Tree House

Welcome!

This is ~pgadey's project for ~gome's Webpage Jam 2025. The page intends to re-imagine how we interact with hypertext. Usually, I think of a web site as a bunch of pages interlinked by hyperlinks a sort of directed graph structure.

This webpage is an experiment to see what an outliner heirarchical or tree-like webpage could look and feel like.

Outliners

While thinking of various projects for the jam, I stumbled upon outliners, a form of text editing software which emphasizes heirarchical nesting. Dave Winer (WP) pioneered the field, along with RSS, blogs, and podcasting. The OMPL file format, used to store lists of RSS feeds, is really Outline Processor Markup Language.

Isn't that a lovely logo?

Other Inspiration
  1. Ruben Schade's Omake.
  2. This mysterious tid bit from Outliners.com.
    Lost ideas
    There were ideas in those early programs that are still unique, are not commonly available in the current-day counterparts. Examples include cloning, hoisting, mark-and-gather, outline math.
  3. The whole Zettelkasten hive-mind. Before you go too far down that rabbit hole, here is some anti-zettlekasten / anti-PKM propaganda.
Trees à la Computer Science

Above, I said that this webpage is heirarchical or tree-like. What do I mean by that? Trees are ubiqitous in computer science. They're the nicest kind of recursive data structure.

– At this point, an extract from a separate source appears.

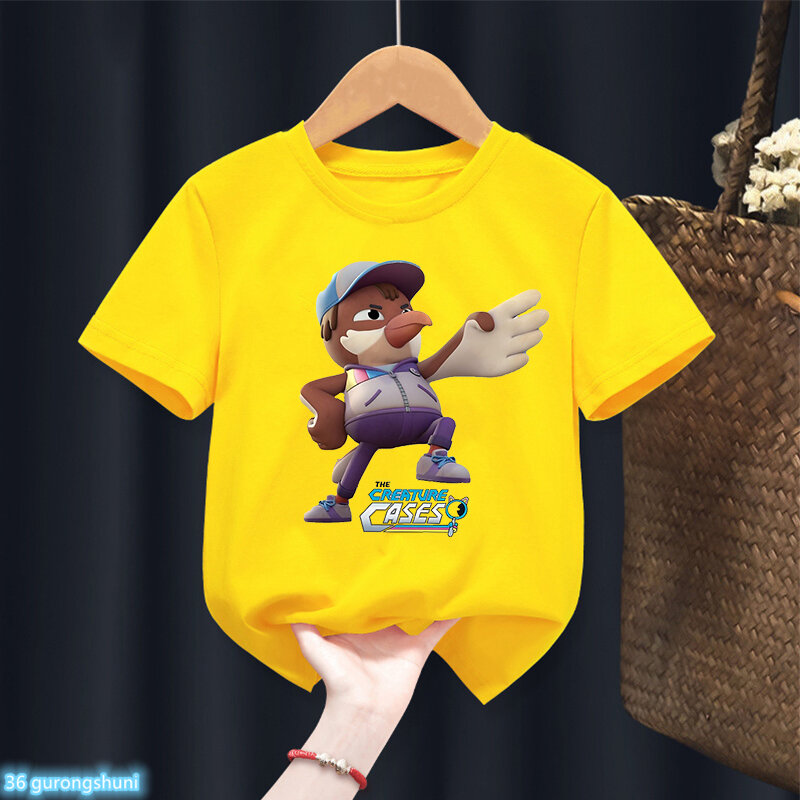 Футболка для мальчиков и девочек, забавная футболка с мультяшным принтом «Чехлы существ», Детская летняя модная одежда для мальчиков, топы с коротким рукавом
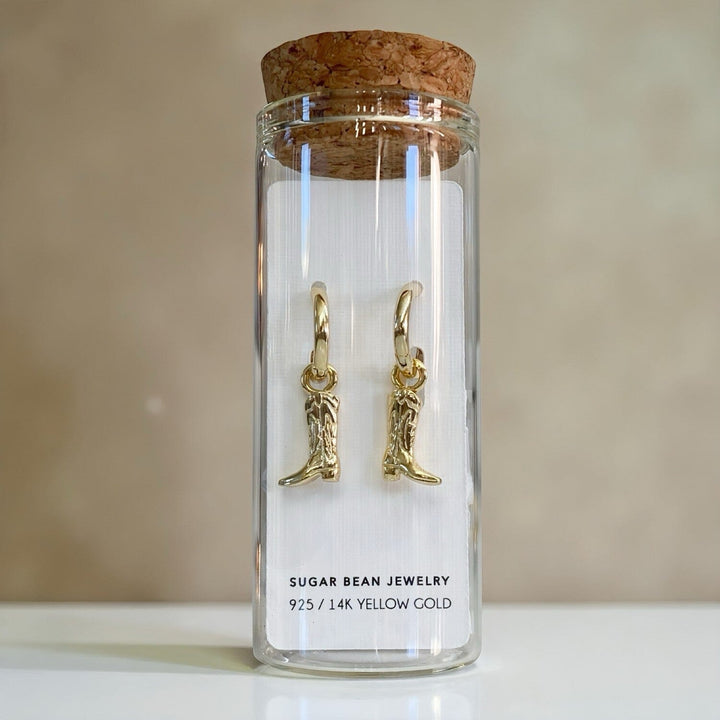 TAVI BOOT HUGGIE EARRINGS • WESTERN GOLD OR RHODIUM PLATED • REMOVABLE CHARM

What's a tree? Well, a collection of smaller trees. A familiar example from day-to-day computing is directories. A folder can contain other folders.

templates

index.html

template.html

Development Log
Friday August 15th
  1. Woo-hoo! The Webjam is on.
  2. Started up the outliner.
  3. I'm debating back-and-forth about whether to write a "static site generator" for converting markdown to this outliner format.